Герника – или Герника-Лумо на баскском языке – небольшой городок в двадцати четырех километрах от Бильбао с населением всего семь тысяч жителей, однако важность его для культуры и истории баскского народа намного превосходила его размеры. В центре Герники, на вершине небольшого холма, рос дуб праотцев – под ним, по рассказам самих басков, народ веками собирался, чтобы избрать своих законодателей или излить свои обиды.

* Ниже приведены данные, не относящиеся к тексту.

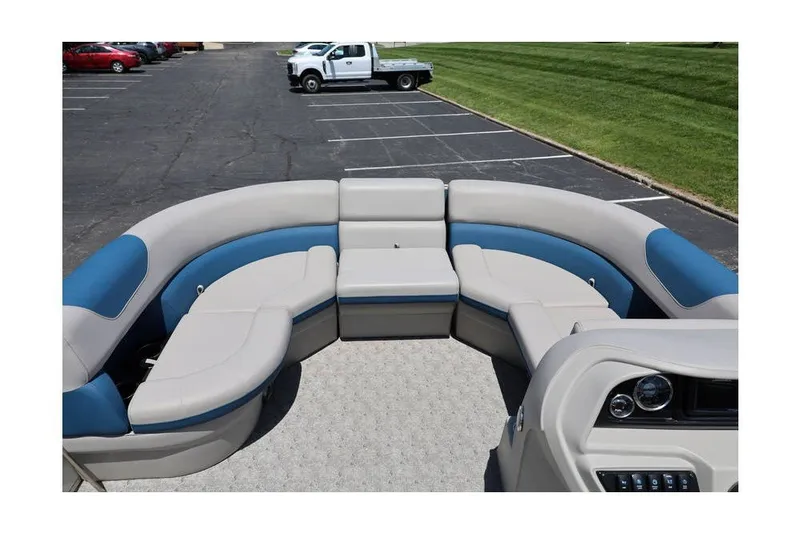 Slide: The Image of 2025 South Bay 220 RS LE 2.75 pontoon boat with spacious seating in a parking lot. - 14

Этот город был колыбелью национального самосознания басков – языка, истории и даже этнической принадлежности – всего того, что баски считали таким важным. Франко и его Фаланга выступали за прежний централизованный абсолютизм, нетерпимый к подобным региональным автономиям, так что с началом войны было сразу понятно, чью сторону займут баски, особенно после того, как республиканское правительство как раз и предложило им особую автономию. Первый президент автономного сообщества Страны Басков Хосе Агирре принес присягу в Гернике, поклявшись защищать родину до своей смерти.
К началу 1937 года стало ясно: грядут испытания. Армия фалангистов под предводительством генерала Эмилио Мола наступала с севера и приближалась к Бильбао – порту, через который получали продовольствие и оружие не только баски, но и все республиканские силы в регионе. Однако баски ушли в глухую оборону, яростно отстаивая свободу Эускади, как они называли свою родину, и Франко понимал: достаточно провести какую-нибудь карательную операцию в целях устрашения, чтобы заставить басков отказаться от сопротивления.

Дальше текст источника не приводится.